Trakl, „Winternacht“: Wie „entschlüsselt“ man ein schwieriges Gedicht? (Mat6058)

Worum es hier geht:

Wir wollen an einem Beispiel zeigen, wie man ganz einfach und einigermaßen sicher ein Gedicht aus der Zeit des Expressionismus analysieren und interpretieren kann.

Dabei zeigen wir auch, wo es Grenzen des Verständnisses gibt und wie man damit umgehen kann.

Wie geht man vor?

  1. Als erstes klärt man die „Sprecher-Aktivitäten“: Was wird da sprachlich gemacht und was macht es mit dem Leser?
  2. Dann versucht man Signale des Textes zu bündeln:
    Welche ähneln sich?
    Welche widersprechen sich oder bringen Veränderungen, setzten andere Akzente?
  3. Welche „Intentionalität“ (Aussage/Aussagen) lässt sich erkennen? Worauf läuft das hinaus?
  4. Wie wird diese Intentionalität durch sprachlich-rhetorische Mittel unterstützt?
  5. Was kann man mit dem Gedicht anfangen? Wo liegt Sinn-/Bedeutungspotenzial?

Check des Gedichtes:

Das Gedicht hat in dieser Fassung eine etwas eigenwillige Form.
http://www.zeno.org/Literatur/M/Trakl,+Georg/Gedichte/Sebastian+im+Traum/Siebengesang+des+Todes/Winternacht

Wir nehmen die Einrückungen mal als Abschnittsgrenzen.

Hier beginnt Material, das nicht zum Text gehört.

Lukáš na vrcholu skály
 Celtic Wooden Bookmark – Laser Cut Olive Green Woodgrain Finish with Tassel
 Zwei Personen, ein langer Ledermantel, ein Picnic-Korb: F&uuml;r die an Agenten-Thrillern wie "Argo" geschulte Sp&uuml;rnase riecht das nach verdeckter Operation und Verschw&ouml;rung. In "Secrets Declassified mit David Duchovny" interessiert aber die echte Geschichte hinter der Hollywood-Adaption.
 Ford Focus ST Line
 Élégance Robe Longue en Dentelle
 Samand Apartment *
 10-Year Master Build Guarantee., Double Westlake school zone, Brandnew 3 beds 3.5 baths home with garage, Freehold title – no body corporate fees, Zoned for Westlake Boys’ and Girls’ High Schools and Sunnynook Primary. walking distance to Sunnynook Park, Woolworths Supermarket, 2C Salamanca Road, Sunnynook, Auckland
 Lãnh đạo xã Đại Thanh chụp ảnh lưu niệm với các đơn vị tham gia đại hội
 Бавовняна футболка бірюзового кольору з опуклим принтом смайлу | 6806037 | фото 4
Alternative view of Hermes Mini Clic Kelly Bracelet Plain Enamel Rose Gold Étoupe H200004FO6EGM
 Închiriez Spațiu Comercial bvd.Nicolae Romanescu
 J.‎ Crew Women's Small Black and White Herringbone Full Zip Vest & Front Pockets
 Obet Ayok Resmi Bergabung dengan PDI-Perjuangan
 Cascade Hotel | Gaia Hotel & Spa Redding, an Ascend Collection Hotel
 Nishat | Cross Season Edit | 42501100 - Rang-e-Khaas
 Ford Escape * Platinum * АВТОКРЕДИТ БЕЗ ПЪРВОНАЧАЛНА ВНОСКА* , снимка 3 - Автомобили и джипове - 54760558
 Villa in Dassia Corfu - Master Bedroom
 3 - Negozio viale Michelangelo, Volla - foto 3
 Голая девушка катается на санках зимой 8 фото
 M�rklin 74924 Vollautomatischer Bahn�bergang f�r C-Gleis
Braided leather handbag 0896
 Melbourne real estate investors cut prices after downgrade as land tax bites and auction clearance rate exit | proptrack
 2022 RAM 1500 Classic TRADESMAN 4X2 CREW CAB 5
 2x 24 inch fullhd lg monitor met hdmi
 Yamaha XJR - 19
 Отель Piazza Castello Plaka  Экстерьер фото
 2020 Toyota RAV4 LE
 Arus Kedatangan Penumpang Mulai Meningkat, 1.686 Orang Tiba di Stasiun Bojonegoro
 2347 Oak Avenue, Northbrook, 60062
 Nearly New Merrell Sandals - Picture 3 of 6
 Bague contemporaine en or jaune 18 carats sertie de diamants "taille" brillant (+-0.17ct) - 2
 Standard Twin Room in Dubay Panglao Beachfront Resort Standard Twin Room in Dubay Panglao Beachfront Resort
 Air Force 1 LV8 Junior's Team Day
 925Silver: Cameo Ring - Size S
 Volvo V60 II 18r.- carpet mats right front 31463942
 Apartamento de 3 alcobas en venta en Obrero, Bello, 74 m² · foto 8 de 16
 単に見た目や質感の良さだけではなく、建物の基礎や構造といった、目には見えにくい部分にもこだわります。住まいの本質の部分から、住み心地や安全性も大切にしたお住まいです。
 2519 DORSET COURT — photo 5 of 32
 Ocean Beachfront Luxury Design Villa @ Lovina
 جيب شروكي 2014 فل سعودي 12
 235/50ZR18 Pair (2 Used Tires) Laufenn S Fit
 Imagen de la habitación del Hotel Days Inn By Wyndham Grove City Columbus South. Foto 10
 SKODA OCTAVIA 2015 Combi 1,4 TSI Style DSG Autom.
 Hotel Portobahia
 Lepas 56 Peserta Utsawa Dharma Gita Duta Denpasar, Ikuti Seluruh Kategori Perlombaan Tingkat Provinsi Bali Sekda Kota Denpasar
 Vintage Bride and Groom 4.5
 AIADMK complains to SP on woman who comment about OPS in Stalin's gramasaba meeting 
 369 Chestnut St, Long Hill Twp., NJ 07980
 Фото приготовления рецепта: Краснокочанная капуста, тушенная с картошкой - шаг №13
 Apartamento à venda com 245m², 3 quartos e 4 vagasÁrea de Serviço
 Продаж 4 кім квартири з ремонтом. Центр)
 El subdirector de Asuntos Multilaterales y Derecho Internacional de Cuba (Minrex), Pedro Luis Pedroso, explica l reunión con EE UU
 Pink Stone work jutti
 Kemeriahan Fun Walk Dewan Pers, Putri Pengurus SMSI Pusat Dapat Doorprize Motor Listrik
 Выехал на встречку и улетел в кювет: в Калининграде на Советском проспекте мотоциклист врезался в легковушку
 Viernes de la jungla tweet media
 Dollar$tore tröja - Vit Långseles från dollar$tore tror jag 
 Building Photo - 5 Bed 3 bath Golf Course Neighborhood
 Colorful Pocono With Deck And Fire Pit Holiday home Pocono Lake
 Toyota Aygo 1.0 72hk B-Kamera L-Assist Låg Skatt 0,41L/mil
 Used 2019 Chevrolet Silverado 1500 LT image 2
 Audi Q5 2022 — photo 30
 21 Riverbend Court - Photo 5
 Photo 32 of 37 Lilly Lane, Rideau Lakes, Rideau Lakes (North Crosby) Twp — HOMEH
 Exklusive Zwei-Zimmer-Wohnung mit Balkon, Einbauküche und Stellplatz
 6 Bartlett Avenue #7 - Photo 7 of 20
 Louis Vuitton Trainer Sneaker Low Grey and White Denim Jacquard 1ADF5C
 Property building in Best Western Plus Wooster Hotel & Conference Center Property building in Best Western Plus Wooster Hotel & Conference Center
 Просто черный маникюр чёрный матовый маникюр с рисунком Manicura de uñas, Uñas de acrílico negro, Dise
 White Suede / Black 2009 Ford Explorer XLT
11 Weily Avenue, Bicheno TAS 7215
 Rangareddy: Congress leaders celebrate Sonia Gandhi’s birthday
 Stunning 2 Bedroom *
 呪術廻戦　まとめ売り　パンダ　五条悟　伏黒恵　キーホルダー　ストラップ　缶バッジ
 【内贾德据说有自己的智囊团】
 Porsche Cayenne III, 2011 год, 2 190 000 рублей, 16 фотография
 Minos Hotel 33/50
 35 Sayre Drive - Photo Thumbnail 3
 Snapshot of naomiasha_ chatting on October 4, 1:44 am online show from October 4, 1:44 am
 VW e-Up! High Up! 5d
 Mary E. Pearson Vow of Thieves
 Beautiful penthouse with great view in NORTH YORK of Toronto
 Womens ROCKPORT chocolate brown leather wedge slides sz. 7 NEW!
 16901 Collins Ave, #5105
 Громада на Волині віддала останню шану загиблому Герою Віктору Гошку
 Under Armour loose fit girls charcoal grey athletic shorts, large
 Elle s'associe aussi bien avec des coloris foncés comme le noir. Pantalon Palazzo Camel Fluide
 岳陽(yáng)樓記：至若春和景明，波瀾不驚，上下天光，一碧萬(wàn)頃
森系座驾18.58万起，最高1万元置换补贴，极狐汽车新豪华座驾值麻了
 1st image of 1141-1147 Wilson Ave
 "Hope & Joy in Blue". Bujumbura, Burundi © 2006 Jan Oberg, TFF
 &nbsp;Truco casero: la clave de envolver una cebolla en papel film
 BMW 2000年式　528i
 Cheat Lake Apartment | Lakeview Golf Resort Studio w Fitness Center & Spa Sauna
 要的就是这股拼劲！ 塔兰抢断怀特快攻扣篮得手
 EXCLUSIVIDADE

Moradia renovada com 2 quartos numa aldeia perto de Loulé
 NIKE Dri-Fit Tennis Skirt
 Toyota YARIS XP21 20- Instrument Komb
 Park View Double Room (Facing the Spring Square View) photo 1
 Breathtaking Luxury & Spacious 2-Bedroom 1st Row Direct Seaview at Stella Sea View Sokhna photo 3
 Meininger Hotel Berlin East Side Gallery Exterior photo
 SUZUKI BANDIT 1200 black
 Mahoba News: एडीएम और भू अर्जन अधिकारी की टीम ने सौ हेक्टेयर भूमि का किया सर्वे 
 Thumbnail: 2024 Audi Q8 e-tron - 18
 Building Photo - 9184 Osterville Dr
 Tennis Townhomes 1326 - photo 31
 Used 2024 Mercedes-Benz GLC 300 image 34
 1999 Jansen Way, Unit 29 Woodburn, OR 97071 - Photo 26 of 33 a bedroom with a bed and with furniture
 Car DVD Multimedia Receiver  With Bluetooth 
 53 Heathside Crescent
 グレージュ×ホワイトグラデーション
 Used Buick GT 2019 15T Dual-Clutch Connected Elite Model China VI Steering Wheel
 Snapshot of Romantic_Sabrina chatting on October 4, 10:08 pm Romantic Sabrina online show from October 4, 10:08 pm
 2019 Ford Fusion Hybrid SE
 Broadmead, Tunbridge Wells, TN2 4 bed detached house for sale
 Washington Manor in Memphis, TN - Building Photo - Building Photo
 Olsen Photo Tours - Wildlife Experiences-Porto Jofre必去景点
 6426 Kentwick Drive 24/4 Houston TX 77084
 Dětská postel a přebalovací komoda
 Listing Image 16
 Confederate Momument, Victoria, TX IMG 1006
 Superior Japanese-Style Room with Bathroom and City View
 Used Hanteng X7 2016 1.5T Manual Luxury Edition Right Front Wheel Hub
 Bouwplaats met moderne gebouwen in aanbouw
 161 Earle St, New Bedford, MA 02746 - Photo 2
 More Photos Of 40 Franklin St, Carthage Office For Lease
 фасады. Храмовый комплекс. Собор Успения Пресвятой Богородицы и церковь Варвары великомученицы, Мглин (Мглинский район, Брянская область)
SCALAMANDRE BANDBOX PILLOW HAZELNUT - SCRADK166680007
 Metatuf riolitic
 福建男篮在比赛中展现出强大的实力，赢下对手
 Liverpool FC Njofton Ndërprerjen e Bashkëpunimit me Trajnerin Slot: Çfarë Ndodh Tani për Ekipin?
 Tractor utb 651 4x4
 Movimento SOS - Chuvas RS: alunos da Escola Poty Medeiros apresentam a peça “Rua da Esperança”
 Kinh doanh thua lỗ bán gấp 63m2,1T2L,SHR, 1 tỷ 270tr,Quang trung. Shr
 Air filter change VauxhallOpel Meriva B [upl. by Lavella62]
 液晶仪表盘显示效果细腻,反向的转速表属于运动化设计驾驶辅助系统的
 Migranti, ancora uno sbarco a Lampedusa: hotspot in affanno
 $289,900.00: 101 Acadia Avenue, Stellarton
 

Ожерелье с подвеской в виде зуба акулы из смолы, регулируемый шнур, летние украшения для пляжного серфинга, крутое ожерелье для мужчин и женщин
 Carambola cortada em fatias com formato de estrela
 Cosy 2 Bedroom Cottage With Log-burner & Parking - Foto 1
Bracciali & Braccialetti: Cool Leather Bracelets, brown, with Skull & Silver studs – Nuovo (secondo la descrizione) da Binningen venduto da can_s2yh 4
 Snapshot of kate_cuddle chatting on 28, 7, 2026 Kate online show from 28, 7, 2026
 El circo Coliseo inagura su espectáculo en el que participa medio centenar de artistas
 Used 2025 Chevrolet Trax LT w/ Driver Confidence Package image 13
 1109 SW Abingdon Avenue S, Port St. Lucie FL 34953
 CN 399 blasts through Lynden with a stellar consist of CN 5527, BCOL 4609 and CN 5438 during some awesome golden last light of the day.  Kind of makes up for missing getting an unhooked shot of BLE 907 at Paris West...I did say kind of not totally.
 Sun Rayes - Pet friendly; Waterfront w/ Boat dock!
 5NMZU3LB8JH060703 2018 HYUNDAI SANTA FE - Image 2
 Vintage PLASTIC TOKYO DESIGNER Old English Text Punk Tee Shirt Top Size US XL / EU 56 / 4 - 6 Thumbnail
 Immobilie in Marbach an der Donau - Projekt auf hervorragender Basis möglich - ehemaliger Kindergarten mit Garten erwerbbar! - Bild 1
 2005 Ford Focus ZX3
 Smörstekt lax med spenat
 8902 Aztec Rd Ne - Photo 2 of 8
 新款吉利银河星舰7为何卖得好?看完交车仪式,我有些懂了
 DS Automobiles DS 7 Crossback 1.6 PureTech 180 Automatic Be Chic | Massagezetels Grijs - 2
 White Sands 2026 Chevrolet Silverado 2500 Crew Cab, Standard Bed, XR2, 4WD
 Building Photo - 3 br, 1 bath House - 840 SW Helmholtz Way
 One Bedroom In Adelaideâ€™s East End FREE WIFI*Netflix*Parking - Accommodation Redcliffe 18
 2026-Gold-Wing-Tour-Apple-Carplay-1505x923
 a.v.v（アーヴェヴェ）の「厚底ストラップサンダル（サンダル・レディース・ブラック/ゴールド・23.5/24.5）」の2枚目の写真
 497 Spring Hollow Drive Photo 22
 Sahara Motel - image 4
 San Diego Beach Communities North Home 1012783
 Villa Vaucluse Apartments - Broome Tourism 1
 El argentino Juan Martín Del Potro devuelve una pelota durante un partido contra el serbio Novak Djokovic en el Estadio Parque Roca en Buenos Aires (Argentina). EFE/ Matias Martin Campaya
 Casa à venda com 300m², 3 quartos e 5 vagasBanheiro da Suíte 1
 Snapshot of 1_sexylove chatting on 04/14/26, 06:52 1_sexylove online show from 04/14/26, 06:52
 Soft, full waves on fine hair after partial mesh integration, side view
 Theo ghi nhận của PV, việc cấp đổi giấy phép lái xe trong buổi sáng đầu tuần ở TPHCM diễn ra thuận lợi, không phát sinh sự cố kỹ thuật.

Erläuterung von Titel und Abschnitt 1

Georg Trakl

Winternacht

  1. Es ist Schnee gefallen. Nach Mitternacht verlässt du betrunken
  2. von purpurnem Wein den dunklen Bezirk der Menschen, die
  3. rote Flamme ihres Herdes. O die Finsternis!

    • Beispiel für die Beschreibung der Sprecheraktivitäten:
      Das Lyrische Ich stellt zunächst etwas fest, was zur Überschrift passt. Es ist das geschehen, was man in einer „Winternacht“ erwartet, nämlich, dass Schnee liegt.
    • Anschließend wendet das Lyrische Ich sich von der Umgebung sich selbst zu. Deutlich wird, dass es sich vom „Bezirk der Menschen“ entfernt. Dieser ist sowohl durch grundsätzliches Dunkel gekennzeichnet als auch durch einen Ansatz von Kultur bzw. Zivilisation.
    • Am Ende steht fast so etwas wie ein Begeisterungsruf: „O die Finsternis!“ Es klingt eher so, als ob das ein Wohlgefühl auslöst.
    • Inwieweit es eine Rolle spielt, dass das Lyrische Ich „betrunken / von purpurnem Wein“ diesen Positions- und vielleicht auch Weltwechsel vornimmt, bleibt zunächst offen.
    • Ebenso bleibt offen, was das für eine Parallel- oder Gegenwelt ist. In der Romantik würde man eine bestimmte Art von einsamer Natur erwarten, hier muss man warten, das als nächstes kommt.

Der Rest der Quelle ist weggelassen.